Individual artisans and mechanics are entitled to a preference to statutory retainage. Texas Property Code Sec. 53.104. A mechanic is generally defined as those that perform manual labor, while an artisan is generally defined as an individual skilled in a trade requiring manual dexterity (Black's Law Dictionary). After payment of the individual artisans and mechanics, other perfected lien claimants share proportionally in the balance of the retained funds. These individual artisans and mechanics, however, share equally with other lien claimants in available trapped funds.
Perfected mechanic's and materialman's liens are granted a preference over all other liens on improvements that can be removed without material injury to the land, pre-existing improvements, or improvements to be removed from the structure. This preference even extends to deeds of trust filed prior to the inception of the mechanic's lien. Texas Property Code Sec. 53.122; First National Bank v. Whirlpool Corp., 517 S.W.2d 109 (Tex. 1974). The courts, however, have held that a claimant cannot remove a removable unless it can be proven that the claimant furnished the removable that it seeks to remove, i.e., unless it can identify its materials. See Kaspar v. Cockrell-Riggens Lighting Co., 511 S.W.2d 109 (Tex. Civ. App.--Eastland 1974, no writ); Suburban Homes Lumber Co. v. Lomas & Nettleton Fin. Corp., 609 F.2d 1387 (5th Cir. 1980).
Thus, a lumber supplier cannot remove the air handling unit because the lumber supplier did not provide same.
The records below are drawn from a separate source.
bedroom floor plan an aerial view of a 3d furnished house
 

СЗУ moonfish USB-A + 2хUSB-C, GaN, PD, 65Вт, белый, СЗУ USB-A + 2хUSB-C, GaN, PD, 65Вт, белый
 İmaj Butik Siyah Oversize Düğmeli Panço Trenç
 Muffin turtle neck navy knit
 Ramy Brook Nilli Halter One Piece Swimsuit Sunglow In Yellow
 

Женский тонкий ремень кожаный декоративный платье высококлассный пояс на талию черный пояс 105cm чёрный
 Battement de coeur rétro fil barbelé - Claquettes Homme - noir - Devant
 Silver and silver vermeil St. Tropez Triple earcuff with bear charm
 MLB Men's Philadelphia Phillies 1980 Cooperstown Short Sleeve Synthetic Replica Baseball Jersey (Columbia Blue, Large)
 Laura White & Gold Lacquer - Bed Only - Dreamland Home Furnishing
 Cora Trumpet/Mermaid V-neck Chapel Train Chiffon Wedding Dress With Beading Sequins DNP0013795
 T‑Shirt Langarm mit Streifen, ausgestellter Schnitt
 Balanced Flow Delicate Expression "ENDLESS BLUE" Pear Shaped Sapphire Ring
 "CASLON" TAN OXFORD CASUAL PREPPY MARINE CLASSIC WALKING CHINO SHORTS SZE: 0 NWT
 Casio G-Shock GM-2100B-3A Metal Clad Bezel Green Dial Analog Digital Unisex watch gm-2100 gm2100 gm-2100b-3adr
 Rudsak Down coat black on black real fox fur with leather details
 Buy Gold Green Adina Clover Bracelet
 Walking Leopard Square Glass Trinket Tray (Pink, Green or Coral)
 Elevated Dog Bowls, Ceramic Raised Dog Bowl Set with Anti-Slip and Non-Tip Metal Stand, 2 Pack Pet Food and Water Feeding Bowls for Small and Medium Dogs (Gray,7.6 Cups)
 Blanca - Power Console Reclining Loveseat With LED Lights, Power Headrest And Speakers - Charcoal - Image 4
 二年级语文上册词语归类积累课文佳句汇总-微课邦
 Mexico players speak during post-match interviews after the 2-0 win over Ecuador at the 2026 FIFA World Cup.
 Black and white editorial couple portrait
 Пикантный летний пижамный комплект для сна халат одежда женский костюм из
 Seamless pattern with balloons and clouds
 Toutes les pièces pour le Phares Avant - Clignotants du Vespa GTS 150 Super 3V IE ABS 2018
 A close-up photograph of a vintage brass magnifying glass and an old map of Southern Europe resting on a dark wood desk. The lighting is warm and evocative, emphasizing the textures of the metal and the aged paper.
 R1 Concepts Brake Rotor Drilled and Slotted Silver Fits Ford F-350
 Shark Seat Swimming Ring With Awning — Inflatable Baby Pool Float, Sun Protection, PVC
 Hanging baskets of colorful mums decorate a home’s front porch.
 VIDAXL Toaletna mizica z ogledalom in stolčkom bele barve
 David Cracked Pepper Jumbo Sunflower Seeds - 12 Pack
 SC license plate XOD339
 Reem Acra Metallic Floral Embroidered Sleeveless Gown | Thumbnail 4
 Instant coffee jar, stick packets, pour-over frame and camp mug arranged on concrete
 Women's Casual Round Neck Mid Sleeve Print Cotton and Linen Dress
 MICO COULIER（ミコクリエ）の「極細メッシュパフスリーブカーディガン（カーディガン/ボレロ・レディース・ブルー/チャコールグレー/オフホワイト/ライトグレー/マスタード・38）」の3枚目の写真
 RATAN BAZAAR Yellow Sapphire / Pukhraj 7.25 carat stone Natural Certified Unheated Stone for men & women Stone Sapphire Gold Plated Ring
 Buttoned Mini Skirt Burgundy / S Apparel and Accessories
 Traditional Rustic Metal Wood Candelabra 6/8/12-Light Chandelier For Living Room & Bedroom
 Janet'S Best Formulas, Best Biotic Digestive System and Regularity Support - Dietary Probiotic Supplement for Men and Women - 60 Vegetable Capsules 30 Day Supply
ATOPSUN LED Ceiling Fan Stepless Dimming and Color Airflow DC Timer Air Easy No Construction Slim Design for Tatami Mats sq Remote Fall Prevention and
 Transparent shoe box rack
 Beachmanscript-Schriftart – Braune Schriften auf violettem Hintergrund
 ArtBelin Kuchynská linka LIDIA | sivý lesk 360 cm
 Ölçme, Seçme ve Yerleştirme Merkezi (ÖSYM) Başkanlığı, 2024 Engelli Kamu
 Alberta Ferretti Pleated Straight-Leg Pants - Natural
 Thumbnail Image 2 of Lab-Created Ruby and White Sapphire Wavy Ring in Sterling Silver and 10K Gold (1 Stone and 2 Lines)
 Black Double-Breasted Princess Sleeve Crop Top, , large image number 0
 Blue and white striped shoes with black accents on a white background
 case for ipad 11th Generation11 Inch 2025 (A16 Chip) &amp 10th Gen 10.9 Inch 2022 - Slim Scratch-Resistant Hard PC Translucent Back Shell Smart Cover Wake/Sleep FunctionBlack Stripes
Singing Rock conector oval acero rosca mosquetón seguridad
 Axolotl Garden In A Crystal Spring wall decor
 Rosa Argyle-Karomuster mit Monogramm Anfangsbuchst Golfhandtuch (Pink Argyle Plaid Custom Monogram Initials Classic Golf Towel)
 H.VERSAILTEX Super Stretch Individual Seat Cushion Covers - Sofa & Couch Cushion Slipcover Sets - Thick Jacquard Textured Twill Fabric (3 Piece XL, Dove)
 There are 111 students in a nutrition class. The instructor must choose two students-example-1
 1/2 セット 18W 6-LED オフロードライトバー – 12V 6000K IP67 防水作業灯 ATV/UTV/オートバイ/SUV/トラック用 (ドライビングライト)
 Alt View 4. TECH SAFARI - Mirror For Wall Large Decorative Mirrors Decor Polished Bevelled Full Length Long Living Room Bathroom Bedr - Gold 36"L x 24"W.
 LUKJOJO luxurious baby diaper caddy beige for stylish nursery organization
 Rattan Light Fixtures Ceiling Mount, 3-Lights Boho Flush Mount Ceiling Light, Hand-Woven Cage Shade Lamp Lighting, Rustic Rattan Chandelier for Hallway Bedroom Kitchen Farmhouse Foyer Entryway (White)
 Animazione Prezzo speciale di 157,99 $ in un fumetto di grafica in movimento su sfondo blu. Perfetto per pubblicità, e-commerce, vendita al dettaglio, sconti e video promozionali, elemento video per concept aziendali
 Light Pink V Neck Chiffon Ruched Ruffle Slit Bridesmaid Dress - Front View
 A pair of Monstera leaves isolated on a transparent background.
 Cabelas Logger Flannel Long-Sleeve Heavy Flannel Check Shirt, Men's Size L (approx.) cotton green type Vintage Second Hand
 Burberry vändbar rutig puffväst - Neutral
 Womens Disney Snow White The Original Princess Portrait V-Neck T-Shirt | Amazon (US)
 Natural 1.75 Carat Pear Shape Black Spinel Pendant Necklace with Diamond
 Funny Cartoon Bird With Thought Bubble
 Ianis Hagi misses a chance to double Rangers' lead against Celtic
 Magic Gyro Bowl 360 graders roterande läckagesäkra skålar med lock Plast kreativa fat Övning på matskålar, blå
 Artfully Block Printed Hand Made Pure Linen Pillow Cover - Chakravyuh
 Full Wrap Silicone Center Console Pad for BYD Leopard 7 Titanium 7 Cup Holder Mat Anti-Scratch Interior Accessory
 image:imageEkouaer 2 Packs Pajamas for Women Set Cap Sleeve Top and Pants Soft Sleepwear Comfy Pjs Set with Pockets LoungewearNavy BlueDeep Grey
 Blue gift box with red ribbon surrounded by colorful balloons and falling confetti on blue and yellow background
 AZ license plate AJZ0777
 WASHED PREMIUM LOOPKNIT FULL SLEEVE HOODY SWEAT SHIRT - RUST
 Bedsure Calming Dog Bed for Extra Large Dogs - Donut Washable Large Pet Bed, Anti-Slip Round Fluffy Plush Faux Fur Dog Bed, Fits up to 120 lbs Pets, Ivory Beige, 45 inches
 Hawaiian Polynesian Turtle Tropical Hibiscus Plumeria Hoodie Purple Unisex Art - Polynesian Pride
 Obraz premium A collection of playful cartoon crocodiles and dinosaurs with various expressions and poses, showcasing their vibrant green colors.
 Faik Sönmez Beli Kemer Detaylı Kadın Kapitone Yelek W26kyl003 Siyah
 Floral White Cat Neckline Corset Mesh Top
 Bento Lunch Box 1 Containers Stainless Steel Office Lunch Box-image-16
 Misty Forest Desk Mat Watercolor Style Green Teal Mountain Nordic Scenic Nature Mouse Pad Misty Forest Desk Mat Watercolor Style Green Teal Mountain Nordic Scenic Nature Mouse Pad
The original contractor, however, is entitled to remove all removables provided by it and its subcontractors and suppliers since the entirety of the construction was provided pursuant to his contract with the owner. See Sikes, Inc. v. L & N Consultants, Inc., 648 S.W.2d 386 (Tex. Civ. App.--Dallas 1983, writ ref'd n. r. e.). A lien as to such removables can only be foreclosed by the order of a court with competent jurisdiction. The claimant is not entitled to self-help repossession in regard to these items.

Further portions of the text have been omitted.